For a long time, I thought a design system was mostly about components. Buttons, inputs, tables - get those right and everything else should fall into place.

That idea didn’t survive contact with real teams.😅

Once more people started using the system, things got complicated fast. Components were stretched into contexts they were never designed for. Variants started popping up for very specific needs. Similar patterns began to exist side by side, each with slightly different intent. None of it felt obviously wrong, but it all added friction.

What really surprised me was how little of this was about visuals. The problems weren’t “this looks inconsistent.” They were more like, “Which one should I use?” or “Is it okay if I tweak this?” That hesitation was the real issue. When people pause, the system has already stopped doing its job.

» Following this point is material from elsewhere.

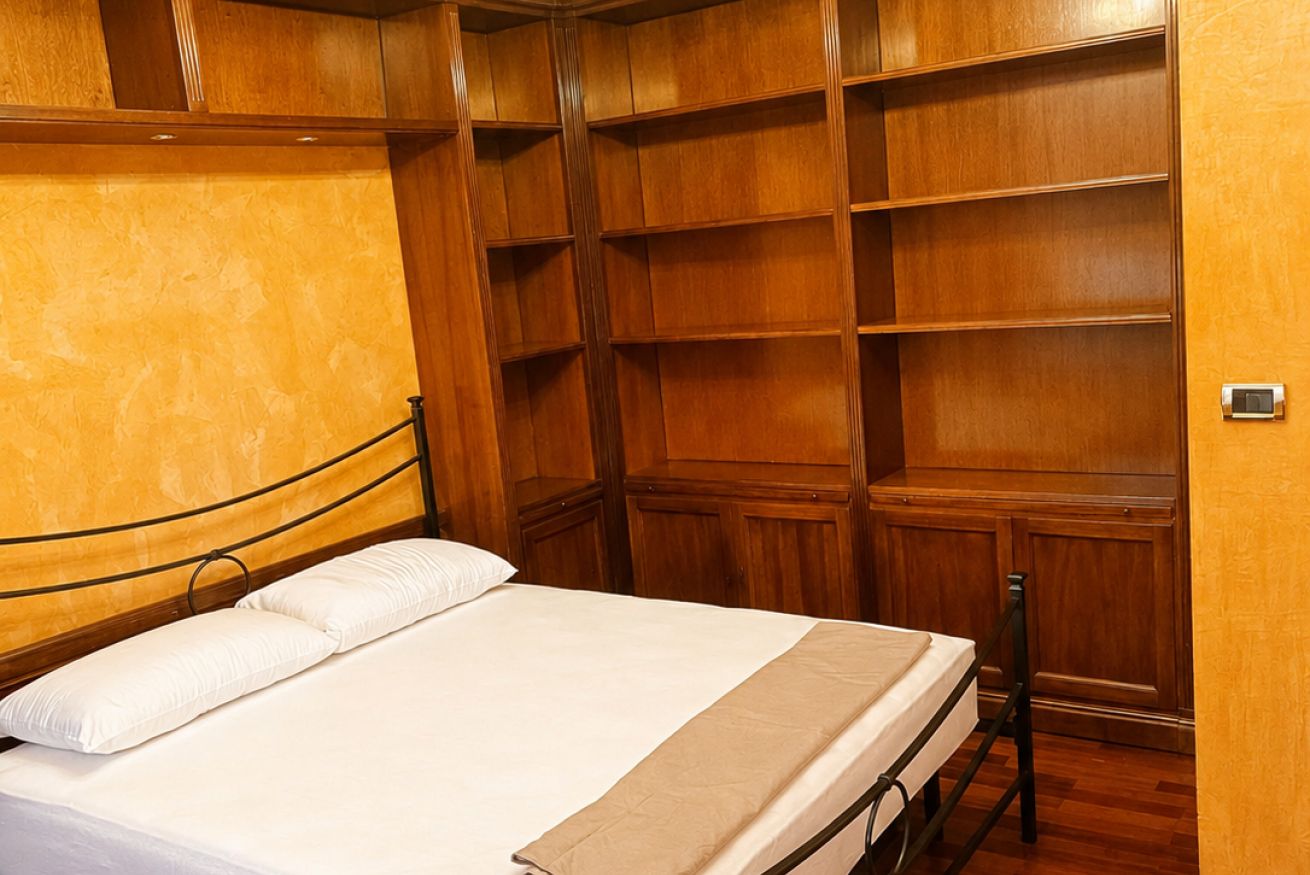 A bedroom with a bed, wooden wardrobe, and a small table.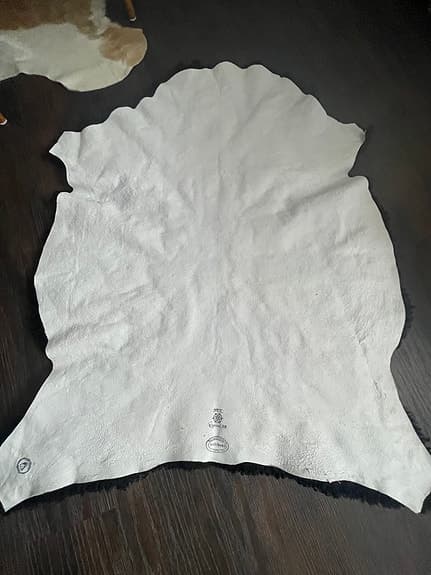 Fårskinn/pläd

I used to think consistency came from rules. Clear guidelines. Strict usage. Over time, I realized that consistency actually comes from clarity.🧠 When intent is obvious, people make the right choice without needing permission. Strong defaults matter more than long documents.

Documentation ended up playing a much bigger role than I expected.📝 Not the kind that lists every property, but the kind that explains why something exists in the first place. Writing down when not to use a component turned out to be just as helpful as explaining when to use it. That alone reduced a lot of misuse.

Owning the system also changed how I thought about decision-making. I stopped thinking in terms of “Is this flexible enough?” and started asking “What problem is this actually solving?” Flexibility without boundaries just creates confusion later.

Another thing I didn’t fully appreciate early on was how much trust matters. People won’t adopt a system just because it exists. They adopt it when it helps them move faster and feel confident doing so. The moment a system creates more questions than answers, teams start working around it.🚧

At some point, I noticed a shift in how success looked. Fewer questions in Slack. Fewer custom components. Fewer one-off exceptions. The system wasn’t being talked about as much - and that was a good sign.👀

Owning a design system pushed me away from designing individual screens and toward designing decisions. The work became quieter and less visible, but the impact was wider. When things worked well, nobody noticed. They just built.

That’s when it really clicked for me - a design system isn’t a UI library. It’s a shared understanding. And when that understanding is clear, consistency follows naturally.